As of this moment all of my friends from the Big Ten are on notice. And you know who you are. You are the ones who call and write constantly about the (expletive) Southeastern Conference and claim with such confidence that the only reason the SEC has been so successful (five straight national championships and counting) is that its schools are ethically challenged and have their priorities misplaced.
You are the ones who talk about the Big Ten schools in hushed, reverent tones and use terms such as "greater academic mission." Your schools are not football factories like ours in the great, unwashed South. Your schools would never cut ethical corners like we do down here, where you believe our motto is: "If you ain't cheatin' you ain't trying." You look down your collective noses at us.
Give me a freaking break.
I don't want to hear any more lectures on ethics or morals or accountability from that part of the world -- not if Jim Tressel returns as Ohio State's football coach this season.

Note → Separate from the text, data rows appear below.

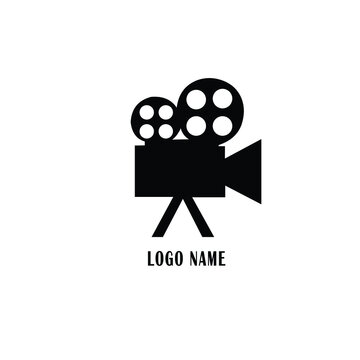 film shooting camera roll logo image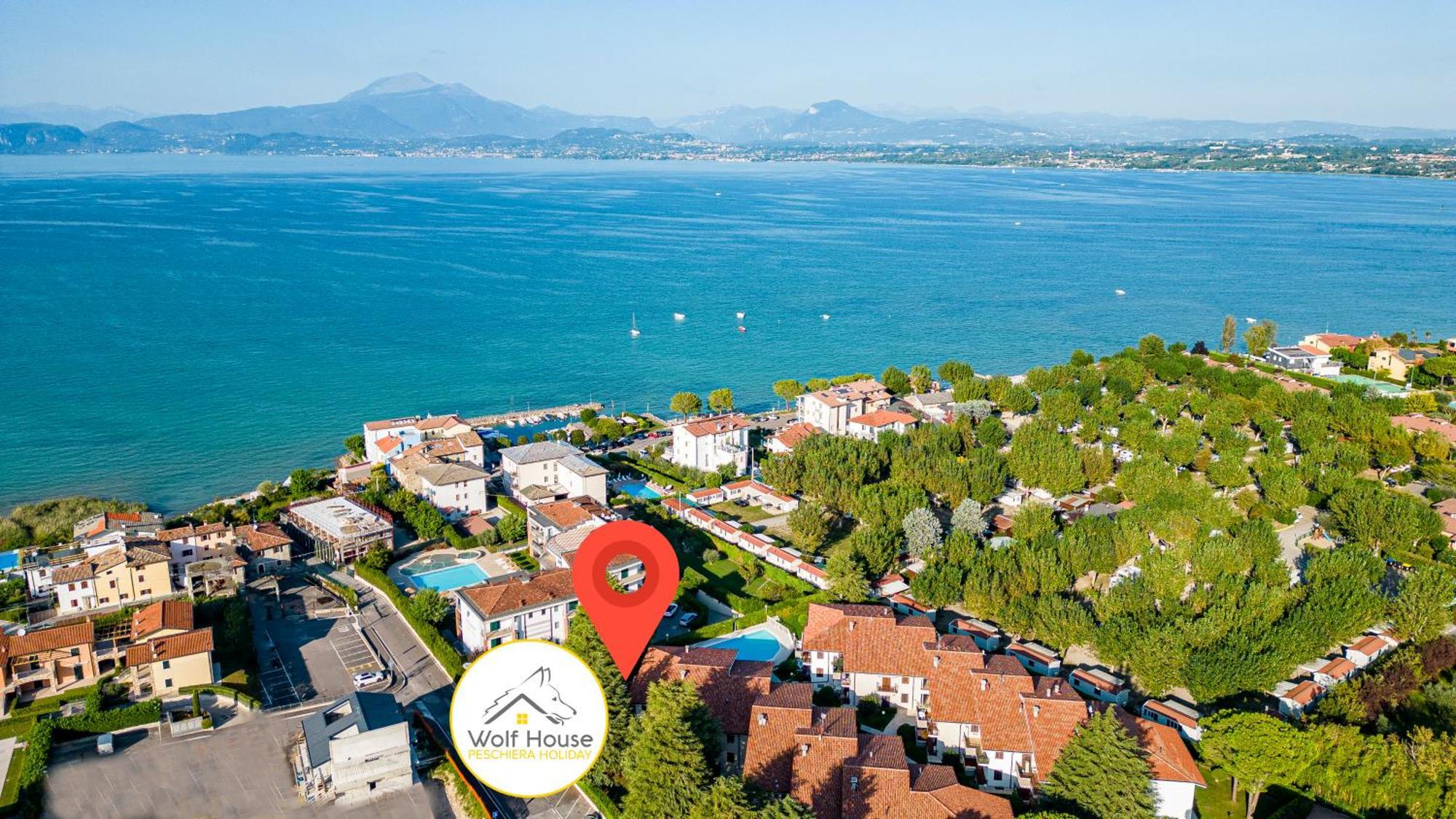 Wolf House - Peschiera Holiday - Jacuzzi Privata 페스키에라델가르다 외부 사진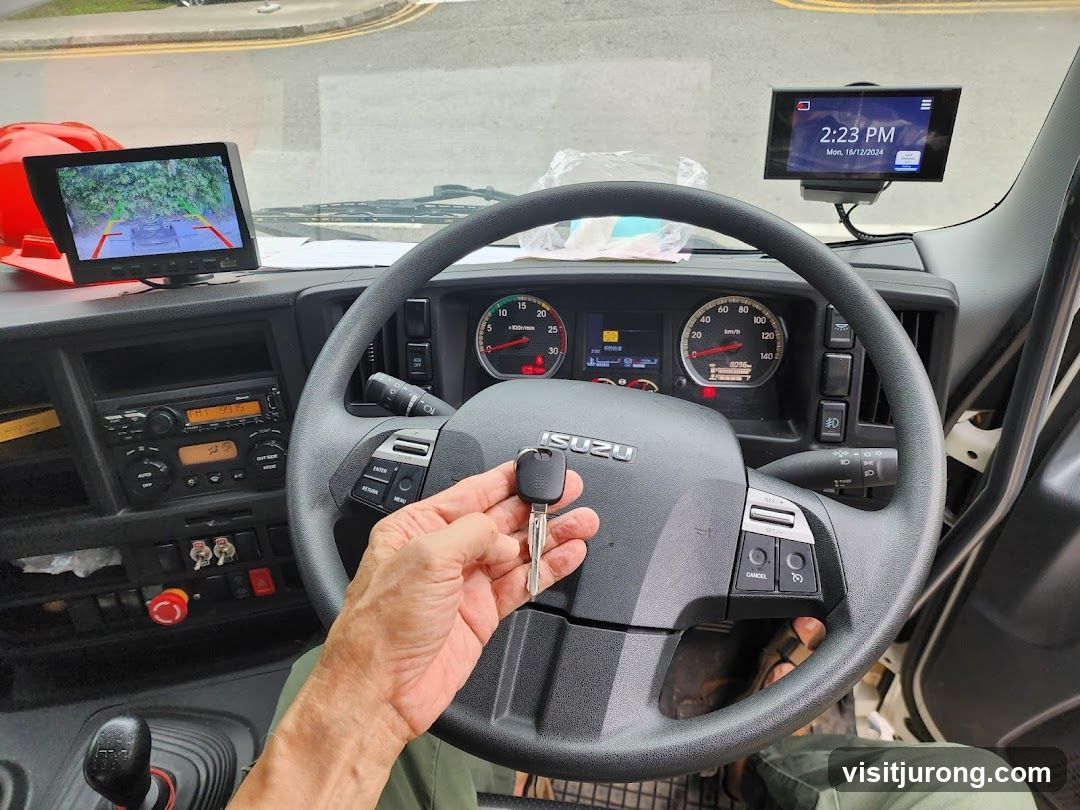 Truck Dashboard with Key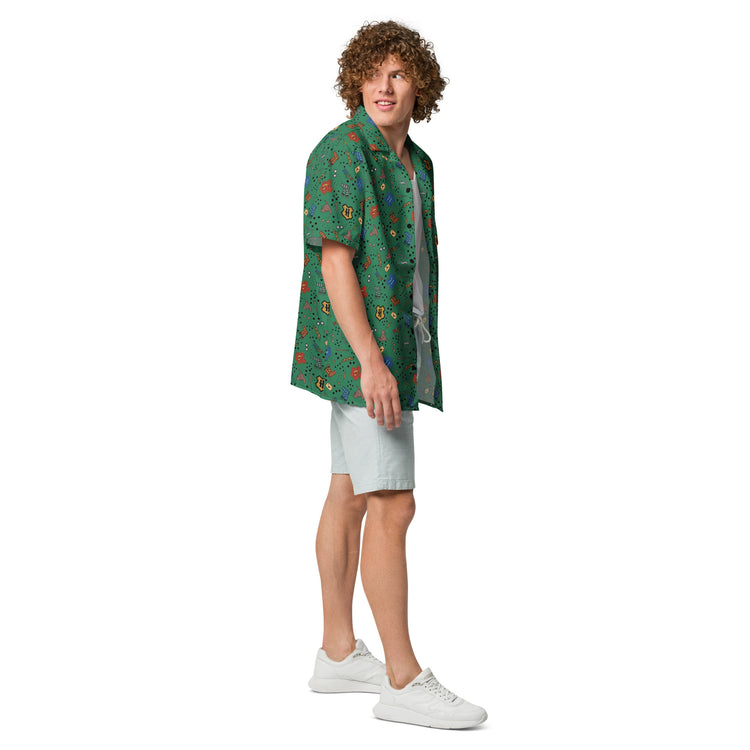 Hogwarts Slytherin House Hawaiian Shirt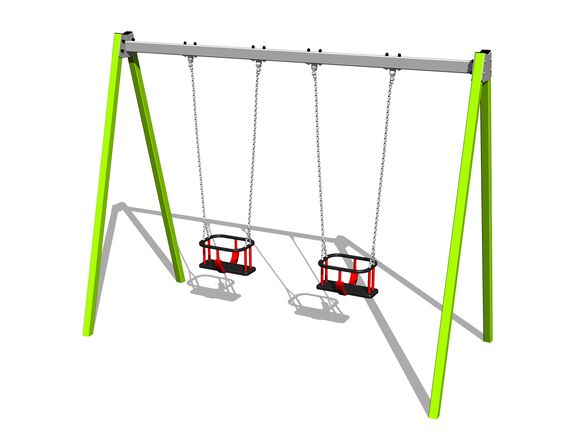 Ketten-Doppelschaukel - Limette (f.h. 1,5 m)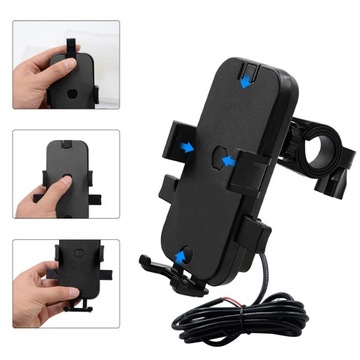 ЗАРЯДНОЕ УСТРОЙСТВО ДЛЯ МОТОЦИКЛА С РУЧКОЙ ВКЛ/ВЫКЛ 2xUSB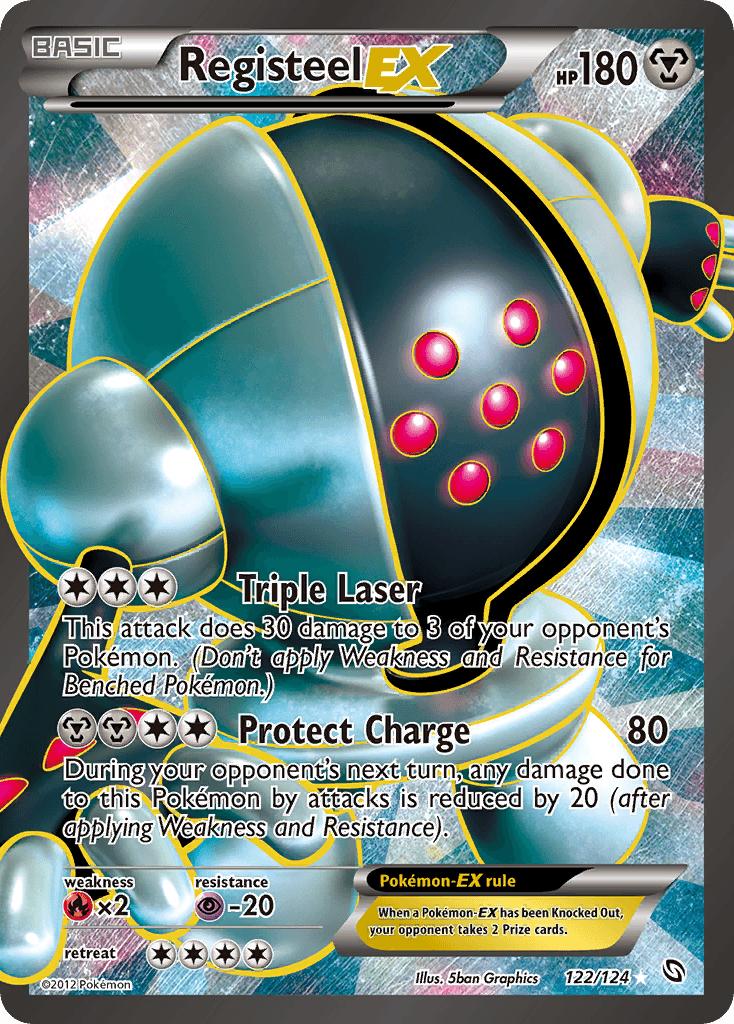 Carta Pokémon Registeel-EX 122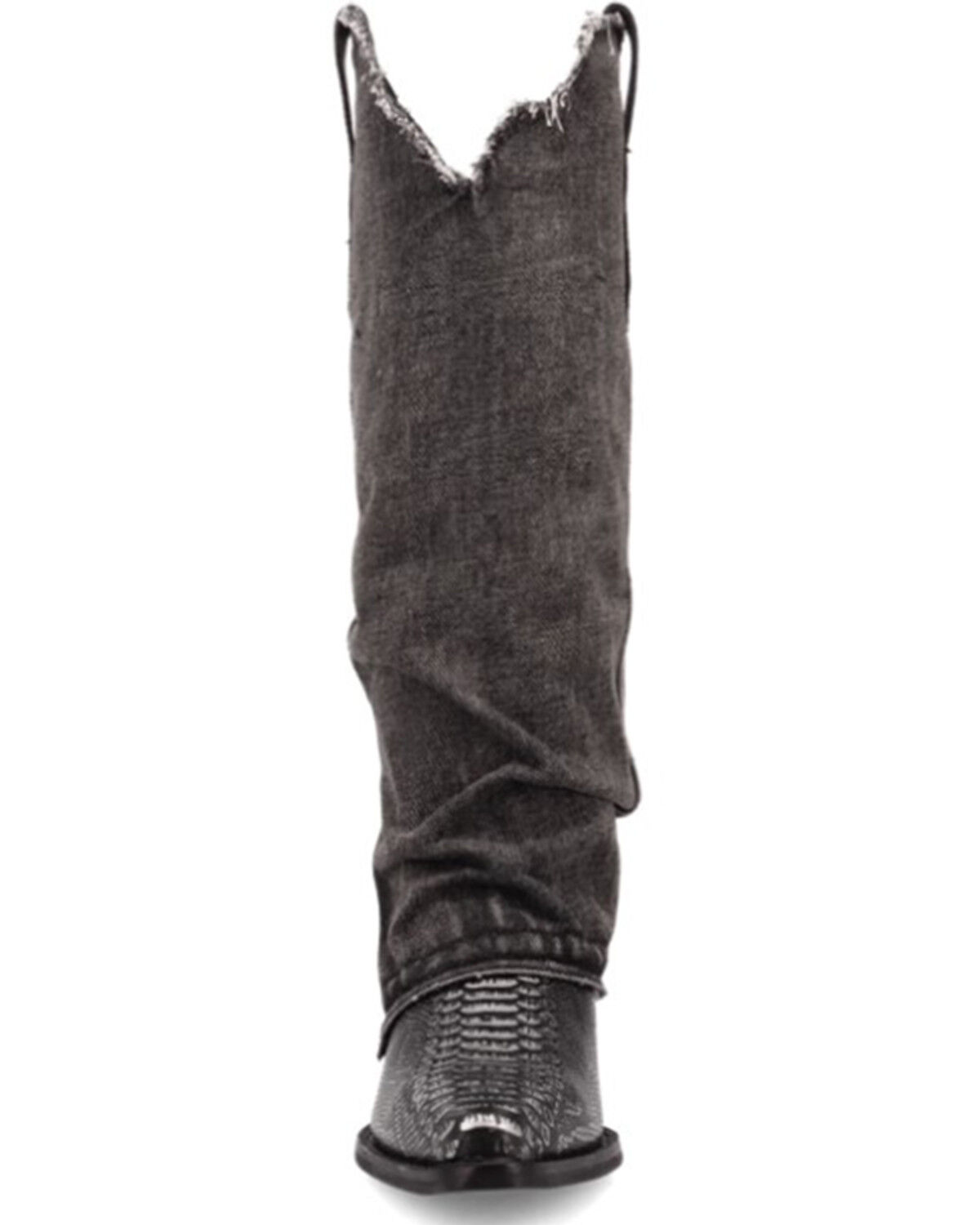 Image #4 - Dingo Women's Shabby Tall Western Boots - Snip Toe, Black, hi-res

If a Southern football coach did what Tressel did, which was to engage in an orchestrated coverup of potential NCAA violations, the calls for his firing would have been immediate and would have come from sea to shining sea, especially from the Big Ten. And they would be right.
I can’t really disagree, although I would add one point that Michigan fans - in our snooty, ivory tower, condescending manner – have made for years: Ohio State is the school in the Big Ten that would fit in perfectly in the SEC. Same uncomfortably rabid fan base. Same prioritization of winning over all else. Same “screw yer book-learnin’!” mentality. I suspect that Penn State fans would make the same criticism. How much of this criticism is grounded in reality and how much is just displaced anger that the Bucks have been clobbering Michigan and (to a lesser degree) Penn State on the field is anyone’s guess. That said, the overall point is that Ohio State’s scandal does not reflect a systemic problem in the Big Ten; it reflects a systemic problem at Ohio State. The Big Ten has other systemic problems (mediocre coaches, declining talent base, Gerry Dinardo), but a casual attitude to NCAA compliance isn’t one of them.
Barnhart’s column also has a whiff of a preemptive strike. There isn’t so much smoke coming from the Plains as a plume of radioactive waste. (Happy 25th anniversary, Chernobyl!) If prior history is any guide, Auburn will go down and take everyone they can with them. Every little morsel of dirt that they can find on their rivals (especially that rival in Tuscaloosa) will come out. What Mike Slive had successfully avoided for most of his tenure, but is now confronting is a repeat of the 80s and 90s where SEC teams turned one another in in a never-ending spiral of allegations. With media interest in the SEC at an all-time high, the prospect of multiple scandals looms. Barnhart knows this, which is why playing the “you’re dirty, too!” card, early and loudly, makes sense.